▶ **About this task**: For each entry, repeat the text exactly and omit any picture it holds.
Start of Entries shown
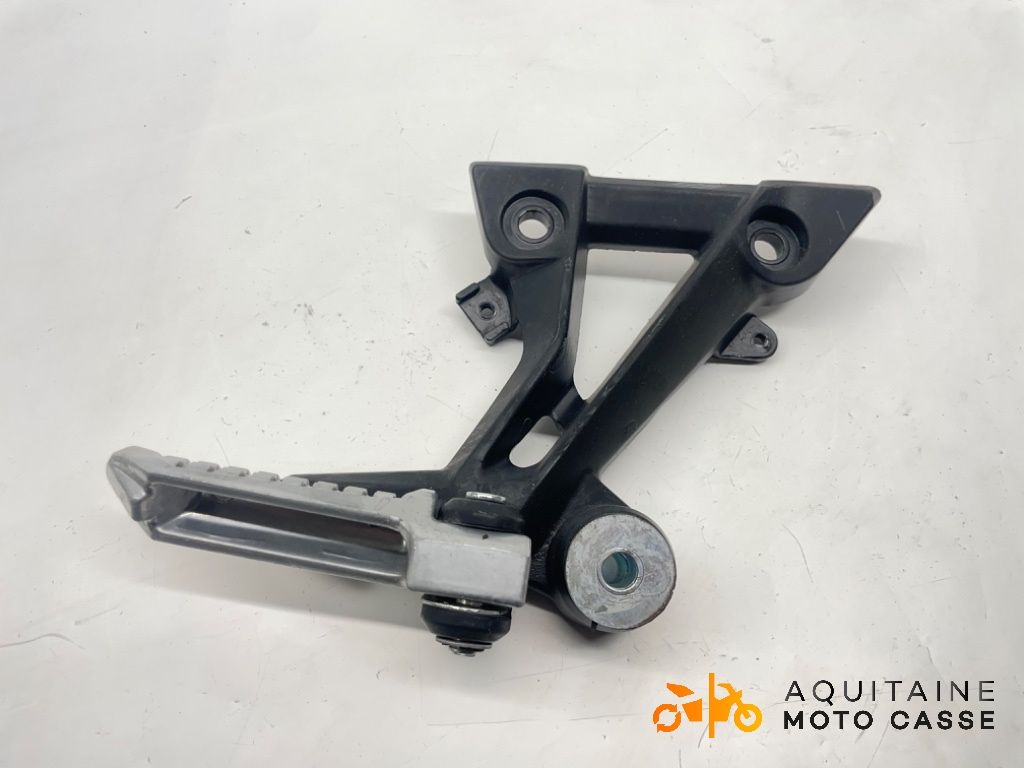 PLATINE ARRIÈRE DROITE YAMASAKI YM 50 QT 2021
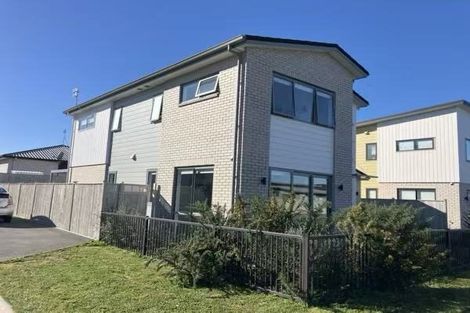 Photo of property in 5 Te Mura Crescent, Takanini, 2112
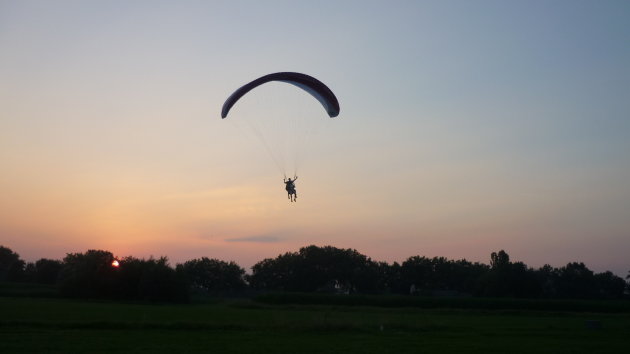 Nistelrode - Nederland - Parapenten bij zonsondergang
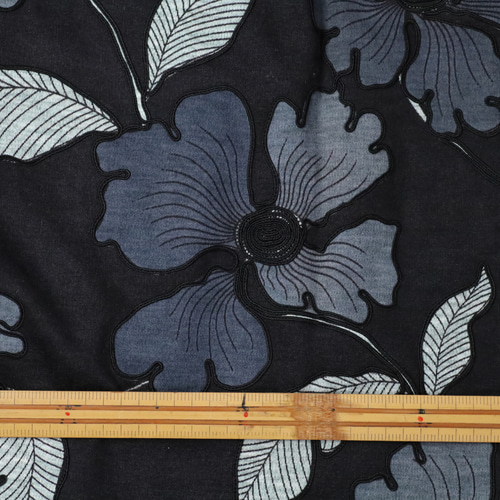 着分販売】フランス製／花柄刺繍生地 ～ウール100％～ 生地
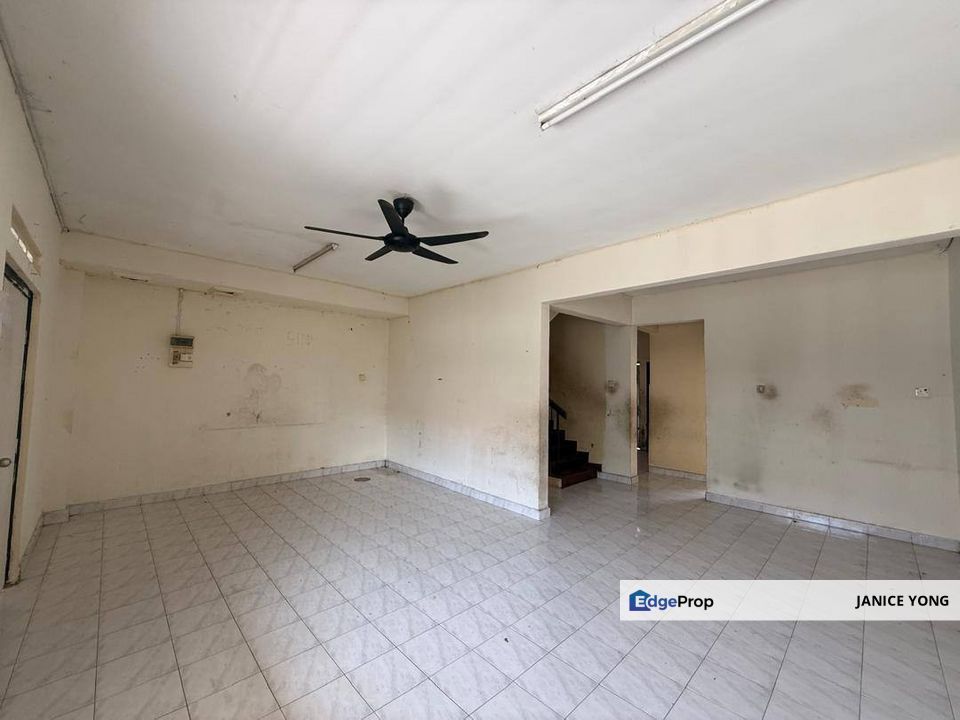 Taman Selesa Jaya Skudai Terrace House For Sale, Johor, Skudai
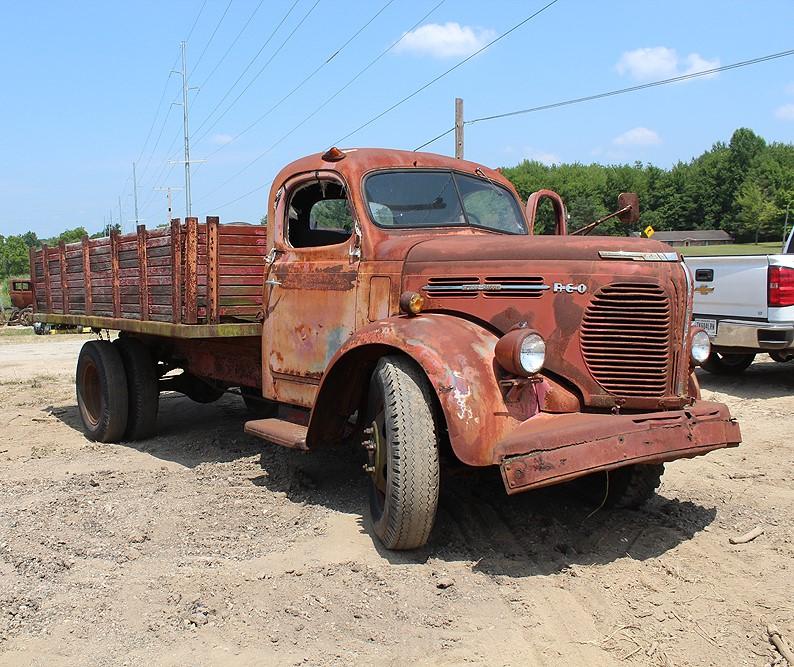 1940'S REO SPEEDWAGON 1.5 TON DUAL WHEELED TRUCK - HOIST, BEEN IN WEEDS FOR A LONG TIME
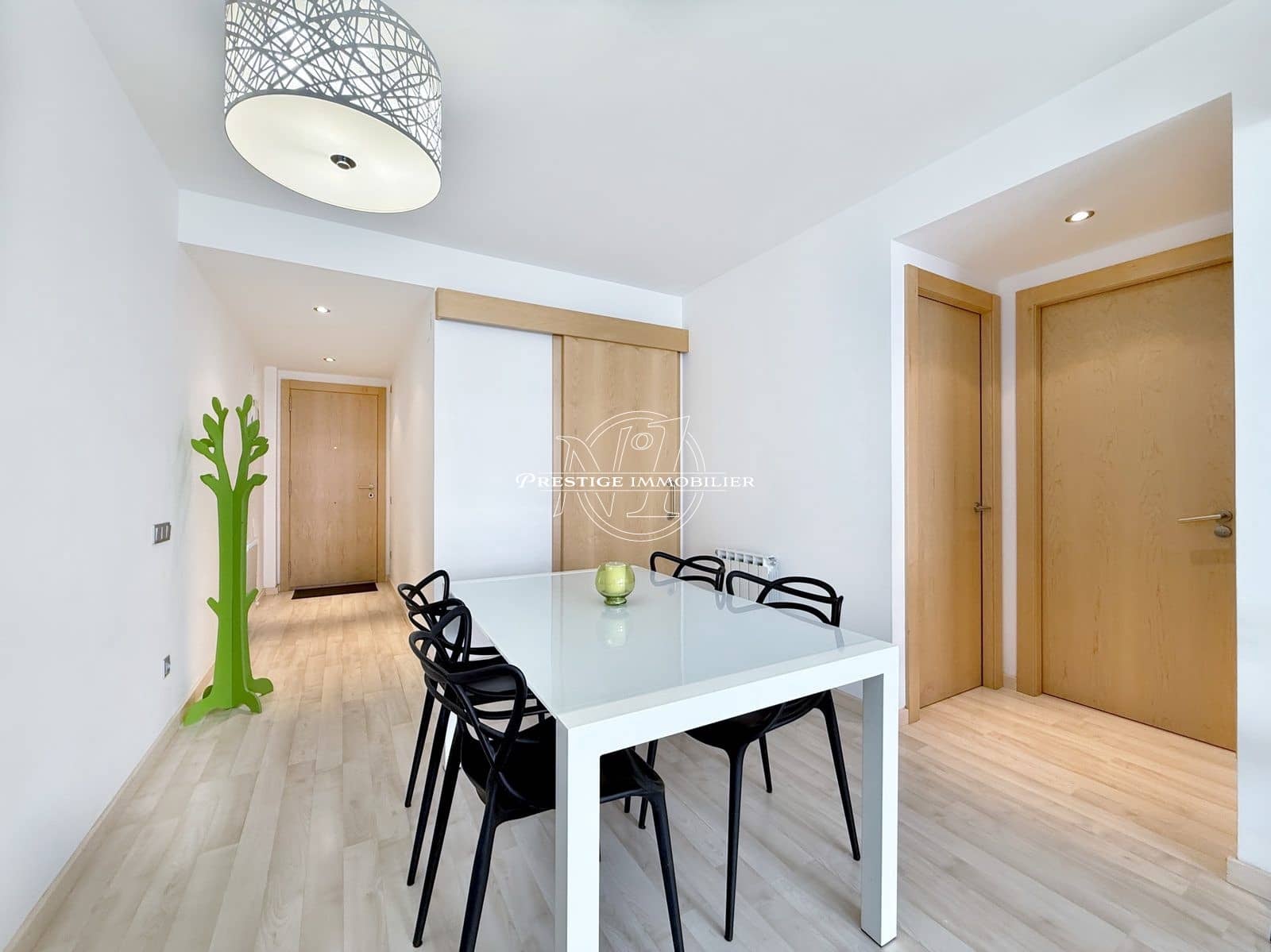 2 bedroom Apartment for sale in Roses - € 230,000 (Ref: 9263594)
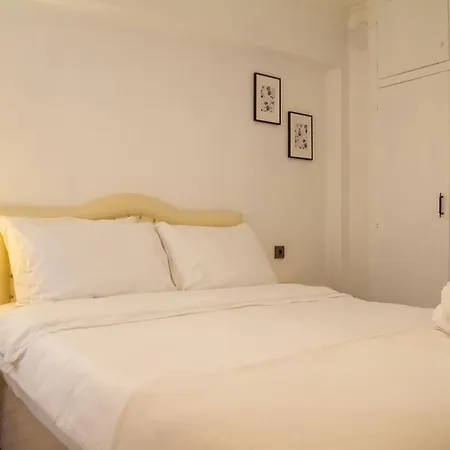 Cozy And Central Near Historical Lift And Shore In Konak, Izmir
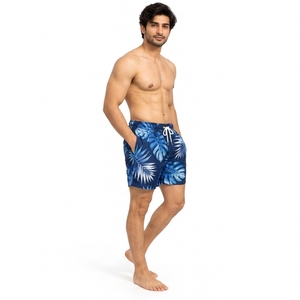 Shorts de bain légers et à séchage rapide pour hommes, parfaits pour la natation, le surf, l'entraînement en piscine et le confort des vacances décontractées pour tous. - Product Image 5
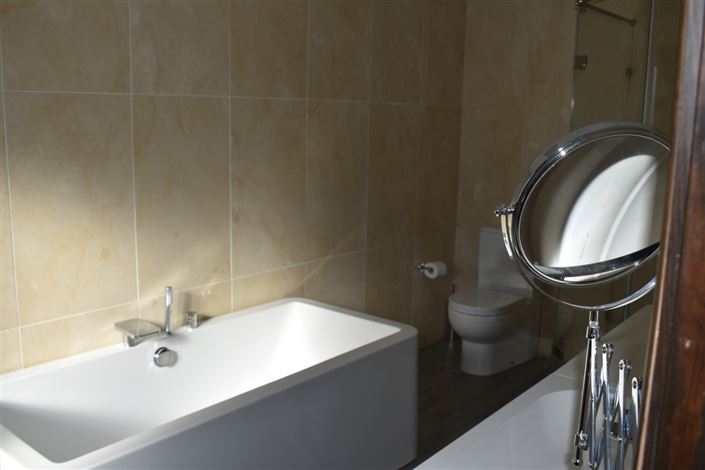 Image No.27-5 Bed Villa for sale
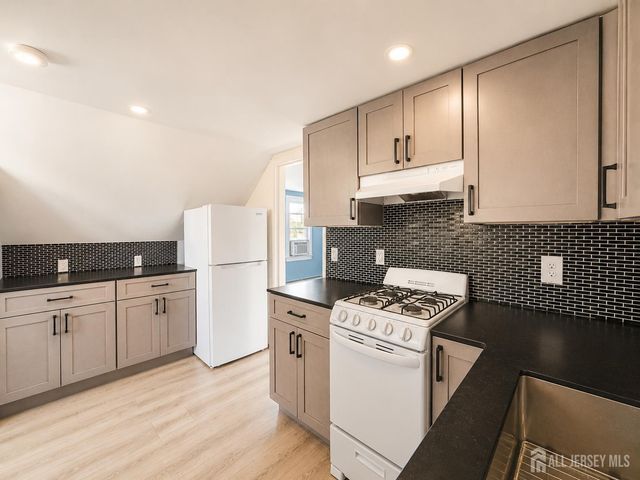 66 Alcoa Avenue, Edison, NJ 08837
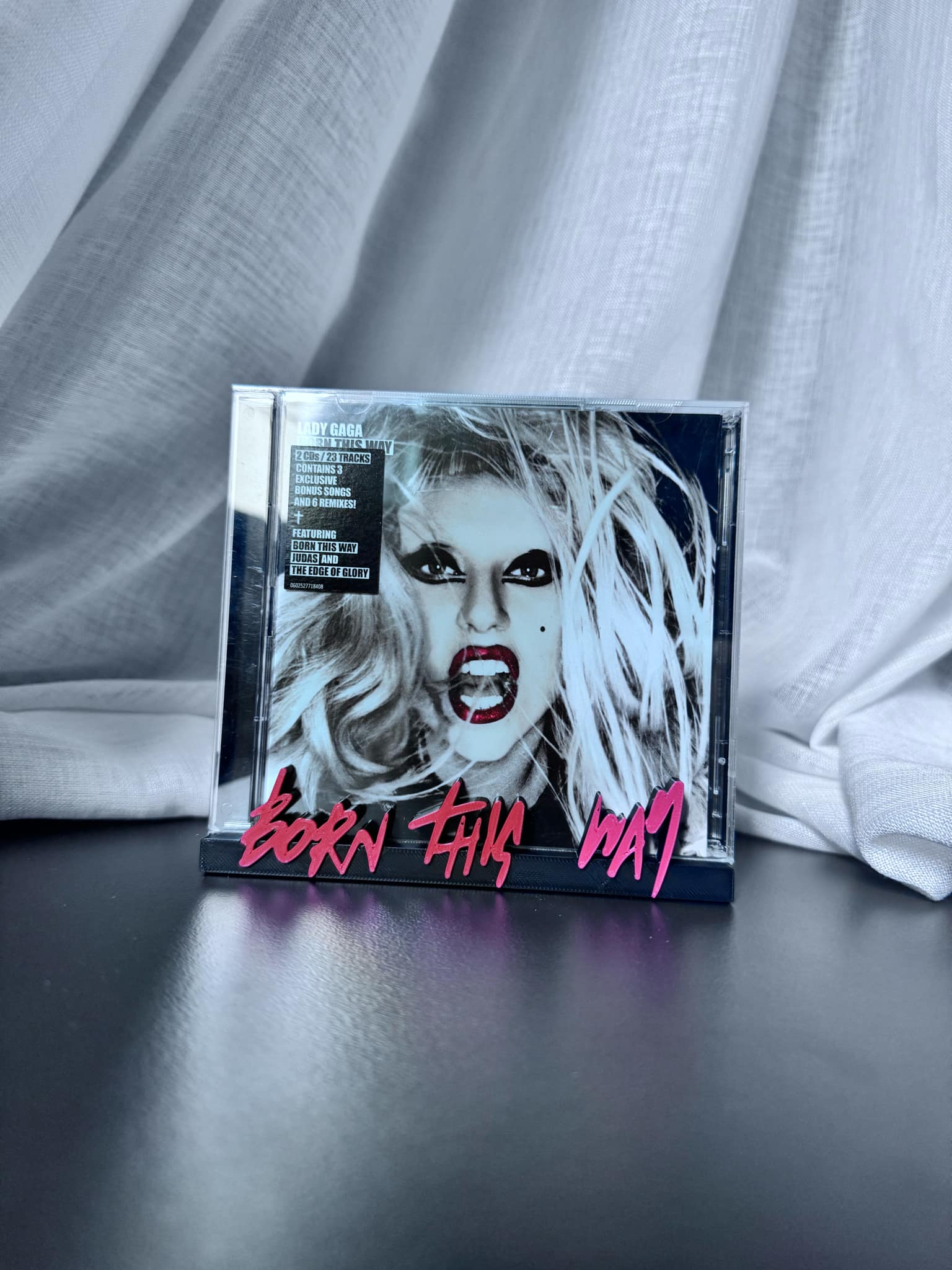 Gaga アートブック Born This Way - Lady Gaga (Display Stand) – Stand Groove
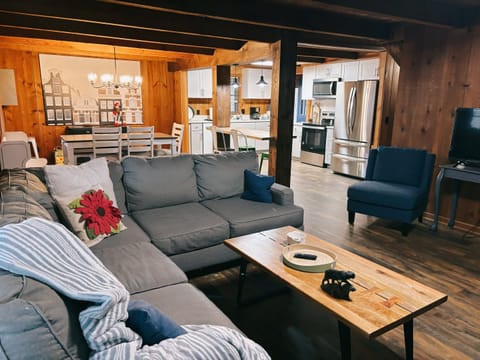 Perfect Space to entertain the group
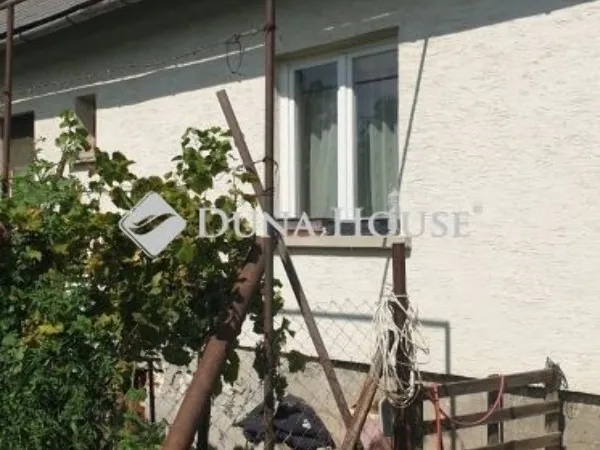 Eladó ház Etyek 146 nm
End of Entries shown
▶ **Exercise solution**:
 PLATINE ARRIÈRE DROITE YAMASAKI YM 50 QT 2021
 Photo of property in 5 Te Mura Crescent, Takanini, 2112
 Nistelrode - Nederland - Parapenten bij zonsondergang
 着分販売】フランス製／花柄刺繍生地 ～ウール100％～ 生地
 Taman Selesa Jaya Skudai Terrace House For Sale, Johor, Skudai
 1940'S REO SPEEDWAGON 1.5 TON DUAL WHEELED TRUCK - HOIST, BEEN IN WEEDS FOR A LONG TIME
 2 bedroom Apartment for sale in Roses - € 230,000 (Ref: 9263594)
 Cozy And Central Near Historical Lift And Shore In Konak, Izmir
 Shorts de bain légers et à séchage rapide pour hommes, parfaits pour la natation, le surf, l'entraînement en piscine et le confort des vacances décontractées pour tous. - Product Image 5
 Image No.27-5 Bed Villa for sale
 66 Alcoa Avenue, Edison, NJ 08837
 Gaga アートブック Born This Way - Lady Gaga (Display Stand) – Stand Groove
 Perfect Space to entertain the group
 Eladó ház Etyek 146 nm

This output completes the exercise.